Guidovision: Reality Television On Steroids

January 26, 2010
By Liam Berkowitz

If your winter break at all resembled mine, it likely included hours upon hours spent vegetating in front of the TV, flipping through SportsCenter reruns and History Channel documentaries (can they give this Nostradamus crap a rest already?) before settling on MTV’s latest reality show, Jersey Shore, which proves once again what suckers we all are for rubbernecking.

Yes, thanks in no small part to the Ron-Ron Juice-fueled ribaldry of everyone’s favorite guidos and guidettes, reality TV enthusiasts have been enjoying the apogee (or would it be the nadir?) of low culture. Whether it’s Snooki throwing mean and occasionally reciprocated left and right hooks at the bar, or Mike “The Situation” spitting game at seemingly anything with breasts, a pulse and a spray-tan (and not necessarily in that order), Jersey Shore has served up enough cultural junk food to satisfy even the most insatiable sweet tooth.

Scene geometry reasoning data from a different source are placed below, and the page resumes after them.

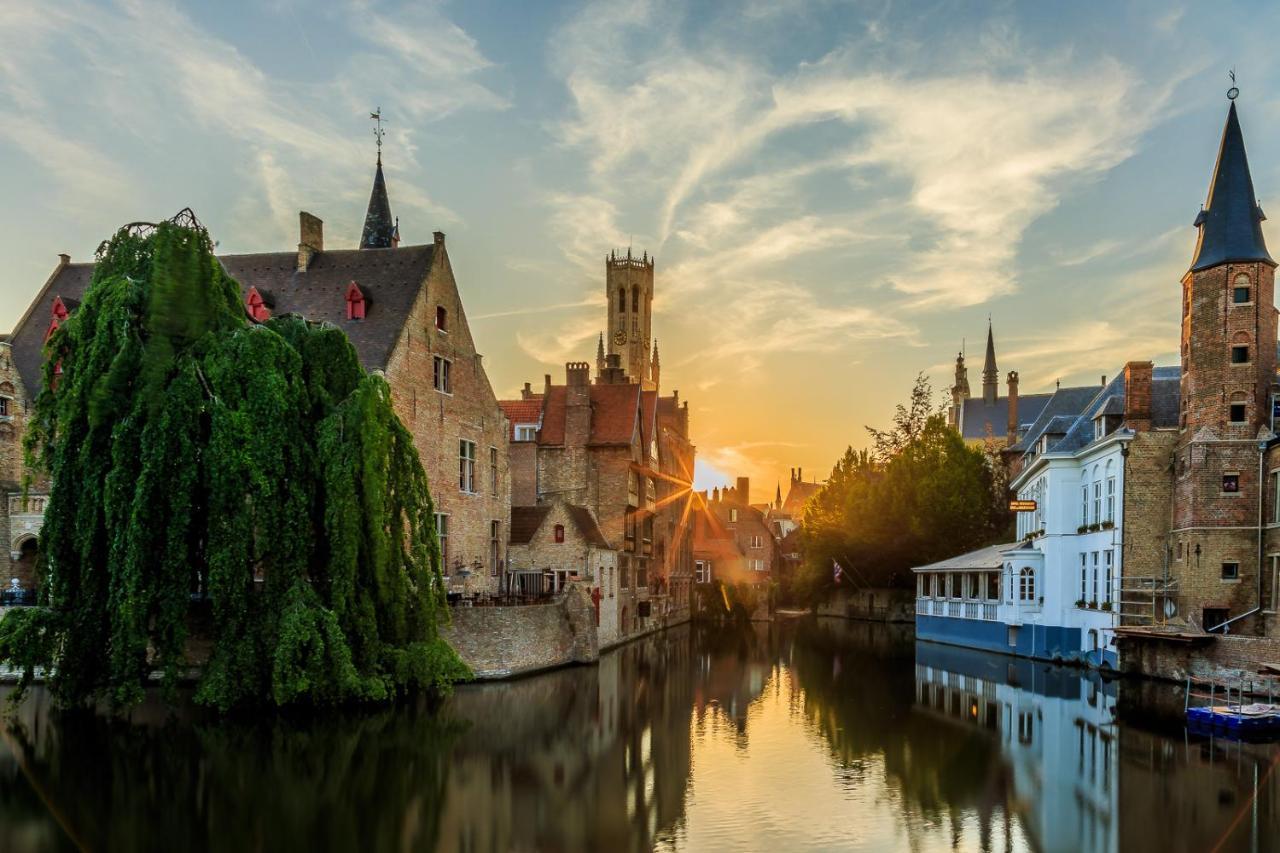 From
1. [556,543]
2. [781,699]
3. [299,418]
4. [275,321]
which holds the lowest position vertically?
[781,699]

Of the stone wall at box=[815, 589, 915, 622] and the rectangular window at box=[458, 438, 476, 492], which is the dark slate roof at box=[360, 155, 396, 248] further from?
the stone wall at box=[815, 589, 915, 622]

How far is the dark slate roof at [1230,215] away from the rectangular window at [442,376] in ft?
72.3

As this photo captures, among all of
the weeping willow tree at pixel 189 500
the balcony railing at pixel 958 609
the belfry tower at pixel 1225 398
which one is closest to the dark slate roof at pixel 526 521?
the weeping willow tree at pixel 189 500

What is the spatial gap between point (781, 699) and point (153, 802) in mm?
15115

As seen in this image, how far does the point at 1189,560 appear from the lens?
26078 mm

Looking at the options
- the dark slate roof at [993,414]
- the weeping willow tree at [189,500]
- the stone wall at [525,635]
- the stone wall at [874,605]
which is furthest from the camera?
the dark slate roof at [993,414]

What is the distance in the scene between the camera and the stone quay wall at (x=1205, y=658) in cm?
2227

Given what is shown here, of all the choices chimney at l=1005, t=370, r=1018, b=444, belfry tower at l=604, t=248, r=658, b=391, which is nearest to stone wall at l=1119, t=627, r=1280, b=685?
chimney at l=1005, t=370, r=1018, b=444

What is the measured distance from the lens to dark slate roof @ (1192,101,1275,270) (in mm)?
26500

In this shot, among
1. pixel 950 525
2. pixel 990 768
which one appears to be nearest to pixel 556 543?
pixel 990 768

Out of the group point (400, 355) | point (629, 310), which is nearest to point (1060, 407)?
point (400, 355)

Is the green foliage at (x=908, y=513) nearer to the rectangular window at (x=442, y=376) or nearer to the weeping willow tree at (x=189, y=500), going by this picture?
the rectangular window at (x=442, y=376)

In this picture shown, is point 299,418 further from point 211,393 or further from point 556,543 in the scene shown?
point 556,543

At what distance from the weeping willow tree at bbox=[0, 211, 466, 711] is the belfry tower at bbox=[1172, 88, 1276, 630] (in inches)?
823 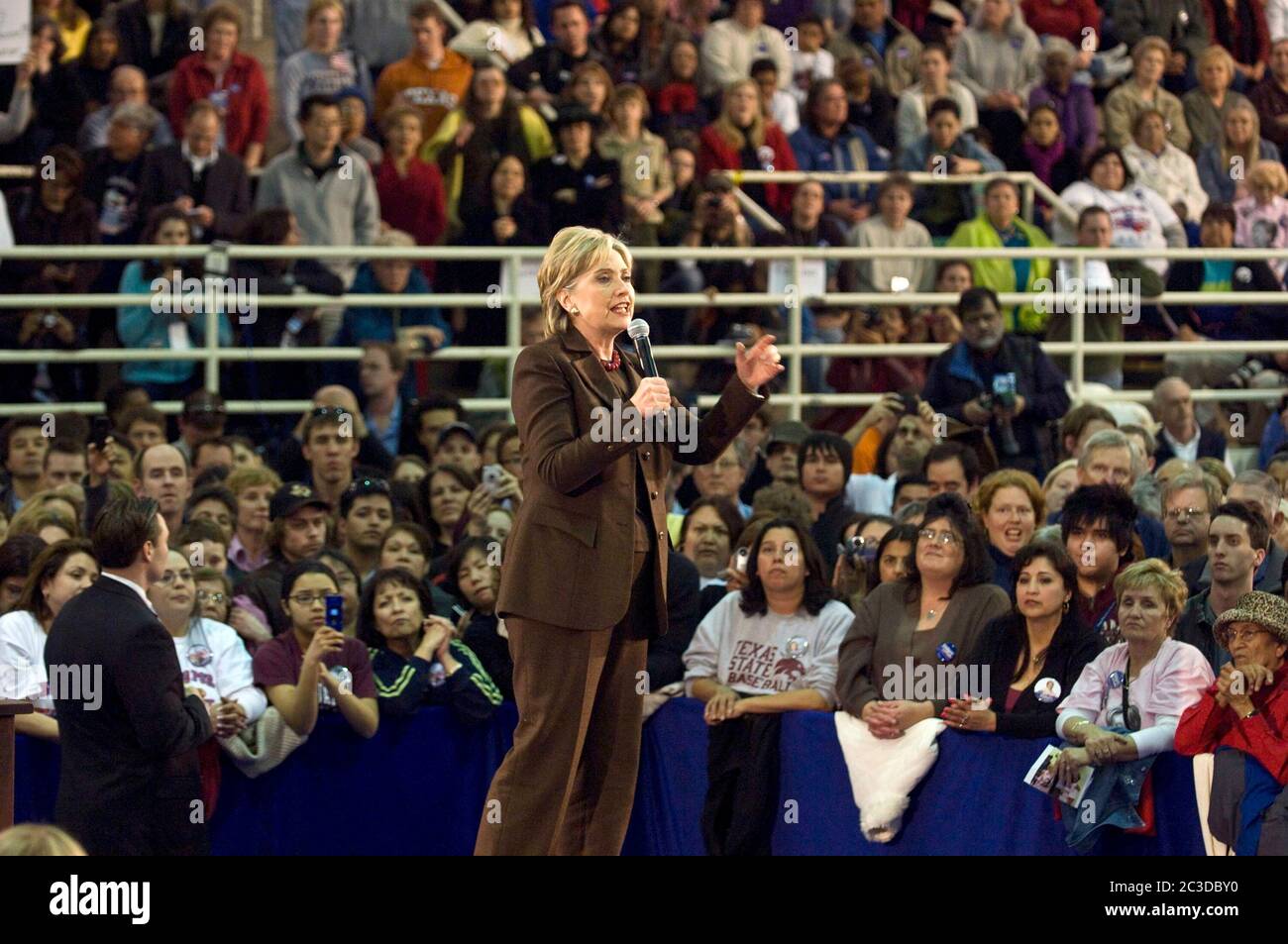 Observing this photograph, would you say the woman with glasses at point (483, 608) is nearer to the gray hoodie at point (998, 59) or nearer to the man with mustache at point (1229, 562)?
the man with mustache at point (1229, 562)

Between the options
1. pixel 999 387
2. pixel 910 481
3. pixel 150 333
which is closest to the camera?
pixel 910 481

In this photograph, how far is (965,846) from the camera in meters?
6.88

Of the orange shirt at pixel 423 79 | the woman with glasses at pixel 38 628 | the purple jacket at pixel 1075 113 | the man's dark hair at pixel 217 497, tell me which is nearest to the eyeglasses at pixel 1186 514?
the man's dark hair at pixel 217 497

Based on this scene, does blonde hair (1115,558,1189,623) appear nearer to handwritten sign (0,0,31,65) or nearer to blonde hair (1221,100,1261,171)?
handwritten sign (0,0,31,65)

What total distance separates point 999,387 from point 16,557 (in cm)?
481

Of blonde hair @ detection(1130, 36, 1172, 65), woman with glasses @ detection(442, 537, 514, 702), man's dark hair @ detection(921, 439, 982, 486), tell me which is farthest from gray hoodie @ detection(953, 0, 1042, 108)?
woman with glasses @ detection(442, 537, 514, 702)

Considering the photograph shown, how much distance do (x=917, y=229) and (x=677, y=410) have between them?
8.22 meters

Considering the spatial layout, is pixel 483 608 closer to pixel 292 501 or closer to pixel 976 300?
pixel 292 501

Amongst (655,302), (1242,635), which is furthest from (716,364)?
(1242,635)

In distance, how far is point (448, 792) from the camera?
820 cm

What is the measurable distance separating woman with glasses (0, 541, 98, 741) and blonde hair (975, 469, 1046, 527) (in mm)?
3215

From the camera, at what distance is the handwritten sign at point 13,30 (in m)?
10.9

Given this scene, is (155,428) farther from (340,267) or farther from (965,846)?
(965,846)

Much has been written already about this year’s most unexpected cultural phenomenon. Hell, even The New Yorker, the arbiter of all things highbrow, deemed Ronnie, JWOWW and co. relevant enough for its hallowed pages, although the writer, the magazine’s television critic, Nancy Franklin, wasn’t exactly generous toward MTV’s most famous seaside denizens.

“On the show, they don’t do anything except sleep and party and drink and hook up and spend quality time with their hair,” Franklin writes.

So no, it’s not high art— a group of thick-tongued, spray-tanned guidos ripping shots of Stolichnaya, rubbing their genitalia on and around one another, swearing like motherfuckers and negotiating life’s emotional terrain with the absolute minimum aplomb society will allow — but God Almighty is it fun!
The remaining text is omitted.